Short text fragments from websites:
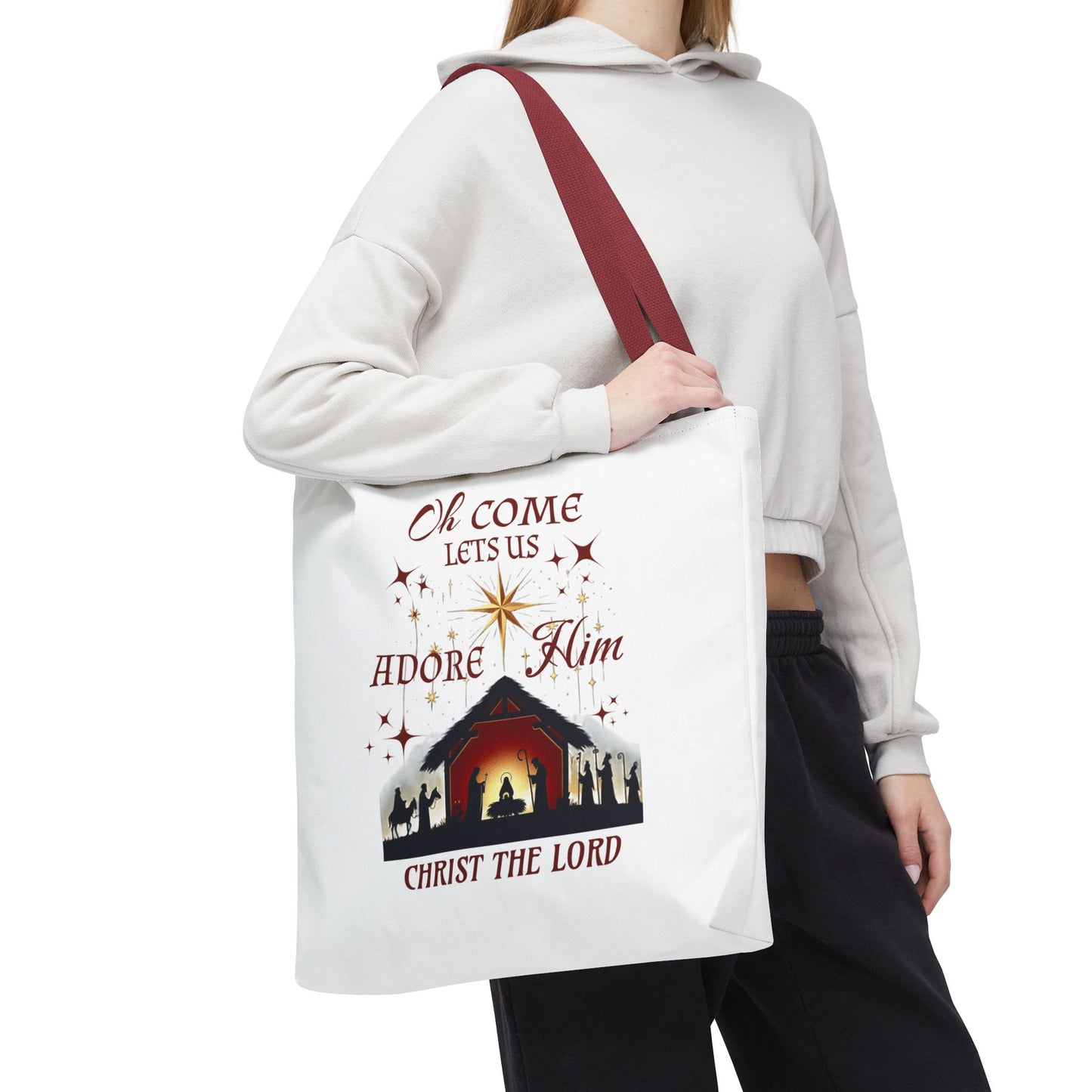 Nativity Scene Tote Bag with 'Oh come let us adore Him, Christ the Lord' Phrase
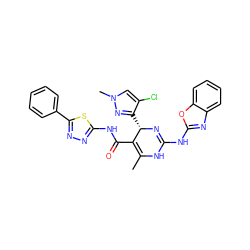 CC1=C(C(=O)Nc2nnc(-c3ccccc3)s2)[C@H](c2nn(C)cc2Cl)N=C(Nc2nc3ccccc3o2)N1 ZINC000139373157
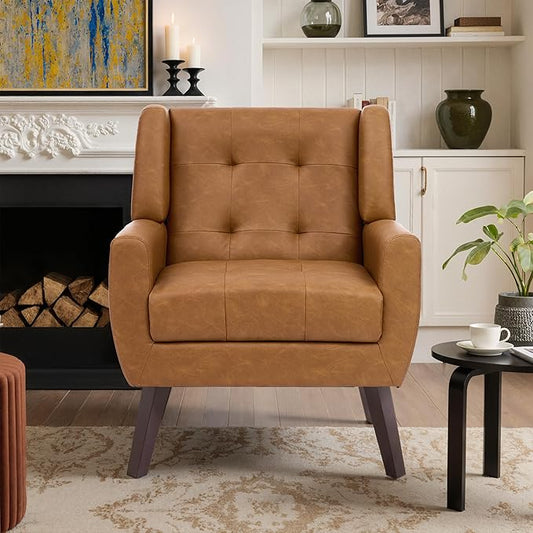 Faux Leather Accent Chair, Mid-Century Modern Upholstered Armchair, Comfy Living Room Chairs Reading Chairs with Button Tufted Back & Solid Wood Legs for Bedroom, Office, Brown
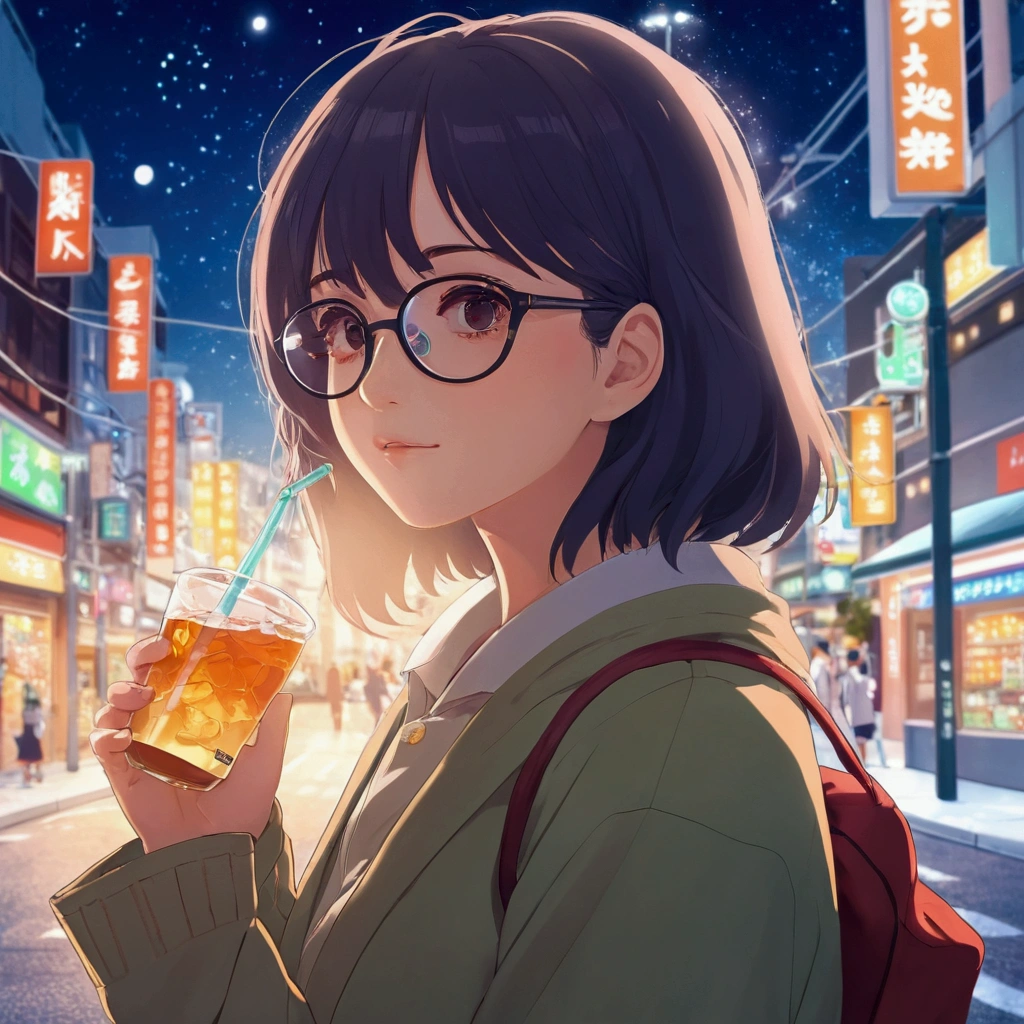 Anime girl with glasses having a drink on a city street, Portrait of Rofi, LOFI Girl, Anime Moe Art Style, Cute girl anime visuals, Lofi Artstyle, Anime Style 4k, Gweiz-style artwork, Anime girl drinking energy drink, Lofi Art, Digital anime illustration, Atei Gailan 8K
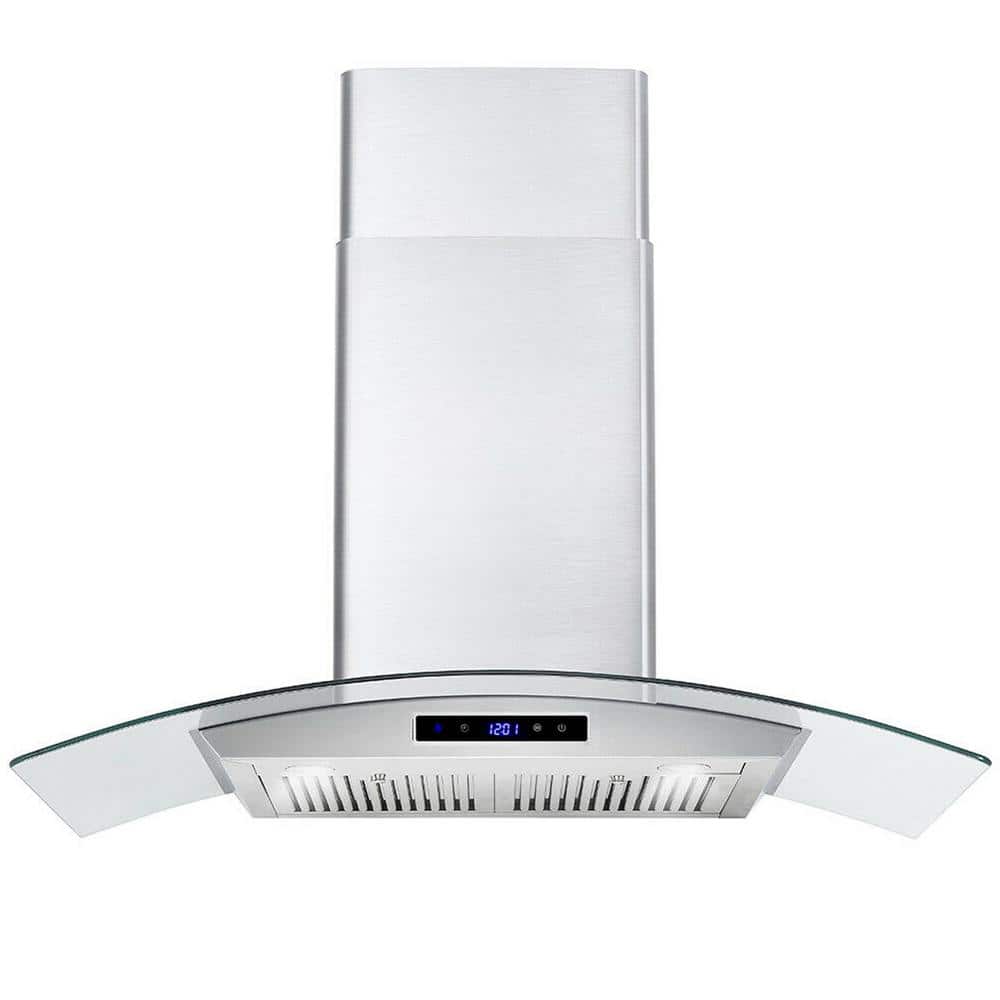 OPEN BOX) 30 inch Wall Mount Range Hood 3-Speed Touch Panel Black Touch  Control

## Your objective
Reproduce exactly, and only, the lines from the one holding "Faux Leather Accent" through the final line of the entries. Do not include the pictures.

## Solution to this task
 Faux Leather Accent Chair, Mid-Century Modern Upholstered Armchair, Comfy Living Room Chairs Reading Chairs with Button Tufted Back & Solid Wood Legs for Bedroom, Office, Brown
 Anime girl with glasses having a drink on a city street, Portrait of Rofi, LOFI Girl, Anime Moe Art Style, Cute girl anime visuals, Lofi Artstyle, Anime Style 4k, Gweiz-style artwork, Anime girl drinking energy drink, Lofi Art, Digital anime illustration, Atei Gailan 8K
 OPEN BOX) 30 inch Wall Mount Range Hood 3-Speed Touch Panel Black Touch  Control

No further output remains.